A pay-to-play network of partisan websites masquerading as local news is promoting yet another false story about voter fraud, and right-wing figures are echoing the falsehood — this time in the form of a baseless accusation about Nevada’s voting records.
Last week, a website called Silver State News published a story featuring an analysis by the newly formed Voter Reference Foundation that claimed to have found 15 out of Nevada’s 17 counties had logged more votes than voters in the 2020 election. (The story wasn’t true; a quick glance at Nevada’s 2020 voting data clearly shows more registered voters in the 2020 election than votes.)
But the false accusation is nothing new. In the aftermath of the 2020 election, Nevada was one of several battleground states targeted with election-related misinformation — so much so that the secretary of state’s office published a “Facts vs. Myths” page debunking the surfeit of conspiracy theories targeting the state.
And in April, Nevada Secretary of State Barbara Cegavske, a Republican, issued a report categorically denying voter registration shenanigans: “Our investigation revealed that these allegations and others are based largely upon an incomplete assessment of voter registration records and lack of information concerning the processes by which these records are compiled and maintained.”
Although the Silver State Times' core finding is easily debunked, the article also contained a number of other red flags.
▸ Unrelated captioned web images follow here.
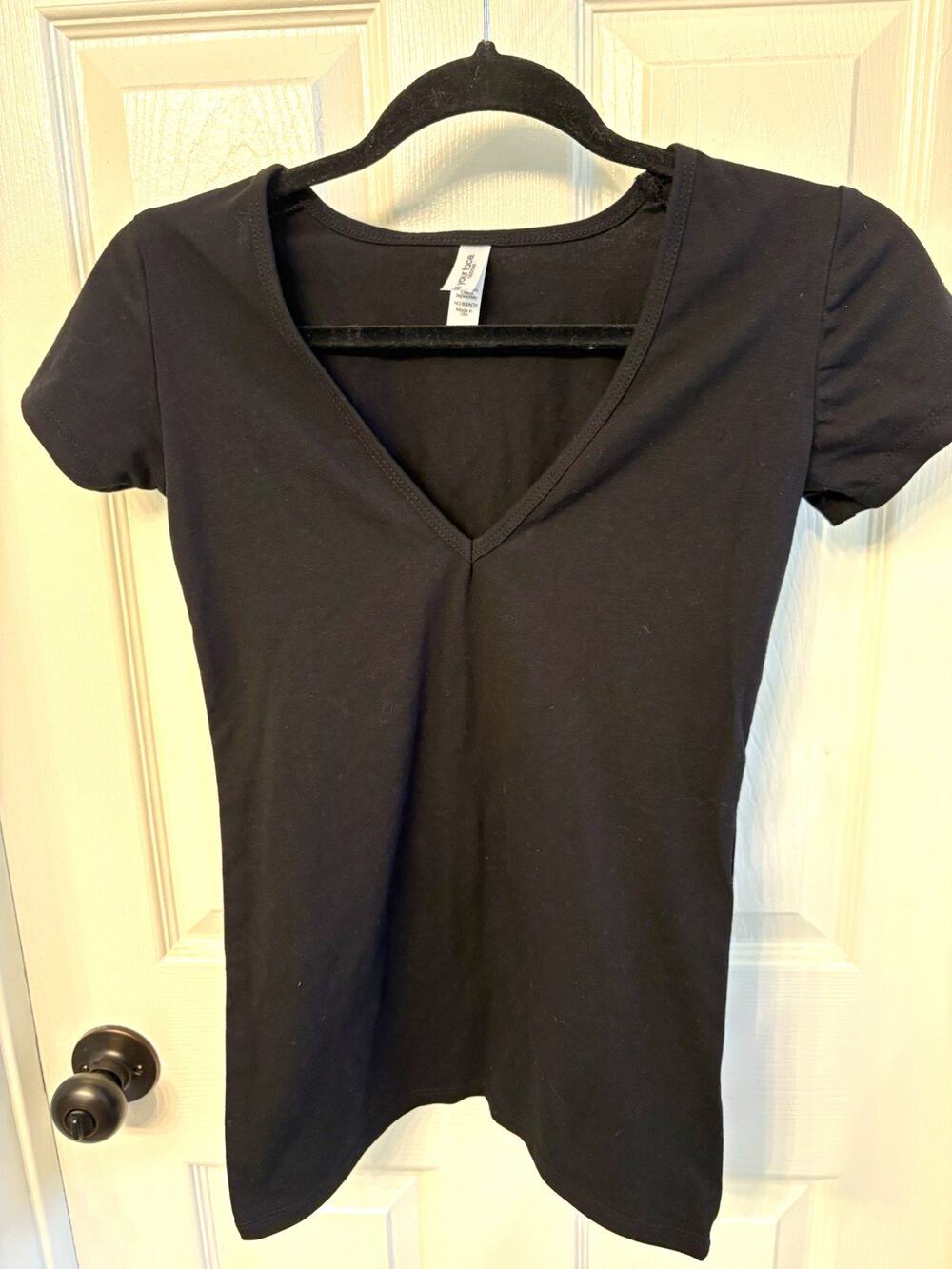 In Your Face S Black Deep V-Neck Short Sleeve Y2K Layering Cotton USA T-Shirt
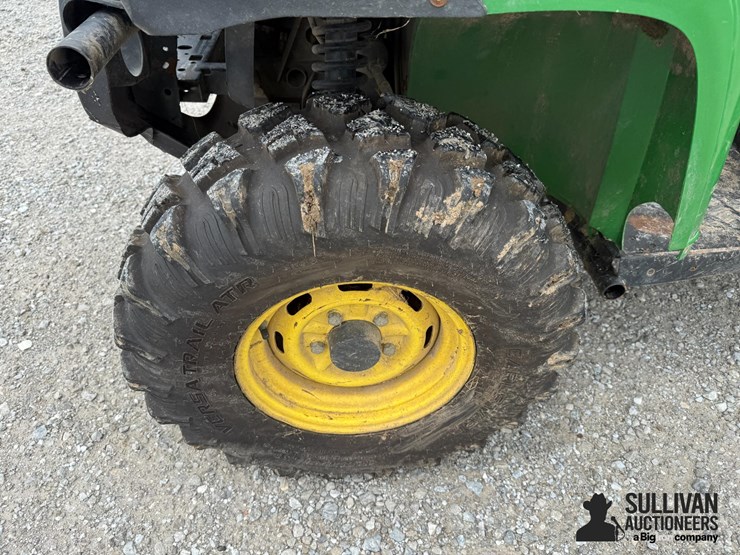john-deere-825-image-9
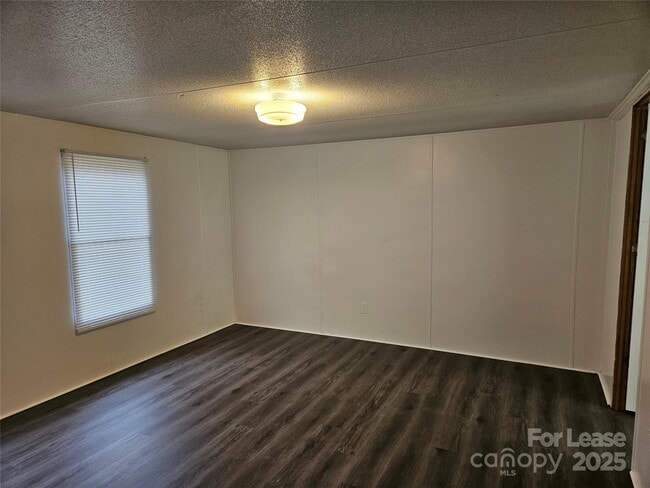 Building Photo - 2292 W Wade Ave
The Voter Reference Foundation, described in the article as “non-partisan,” is headed by a GOP activist named Doug Truax, a failed Illinois senate candidate whose PAC was financed by Chicago-based conservative megadonor Dick Uihlein.
The article also neglects to mention that the only person quoted in the story, Voter Reference Foundation’s Executive Director, Gina Swoboda, previously worked for the Trump campaign.
The site’s parent company, Metric Media, is a collaboration between former journalist and conservative businessman Brian Timpone — whose previous local news venture went up in flames after its publications were revealed to have plagiarized stories, falsified quotes, and published fake bylines — and a number of Trump-aligned political activists.
The New York Times reported that content on the network's sites is “directed by political groups and corporate P.R. firms to promote a Republican candidate or a company, or to smear their rivals.”
In the runup to the 2020 election, Metric Media’s sites were responsible for misleading stories in Michigan and Illinois (where the East Central Reporter is owned by Metric). Last fall, Media Matters identified similar bogus Metric Media stories that were shared by right-wing actors.
Yet the fact that the Nevada voting story was false didn’t deter several prominent Trump devotees from sharing it online. Liz Harrington, spokesperson to former President Donald Trump, tweeted a link to the story that garnered more than 8,500 interactions. Disgraced Trump attorney Jenna Ellis shared the story on Facebook. So did former Republican National Committee official Harmeet Dhillon.
The Tennessee Star – another outlet connected to a network of hyperpartisan news pages with a history of promoting ridiculous voter fraud conspiracy theories — republished the story directly from Silver State News. It also spread around Reddit.
On August 6, One America News Network host Natalie Harp cited the Voter Reference Foundation data in a segment about voter fraud claims in Wisconsin and Nevada prefacing an interview with former Trump personal lawyer Rudy Giuliani about his absurd election theories. In the segment, Harp suggested that recent bogus voter fraud claims were evidence that the U.S. is a “banana republic” that no longer hosts free and fair elections.
Though most of us have moved on from the 2020 election, the MAGA right continues to share fabricated claims of alleged voting shenanigans. These claims are clearly baseless, but the fact that they’re still ricocheting around right-wing media eight months after an election should scare us all.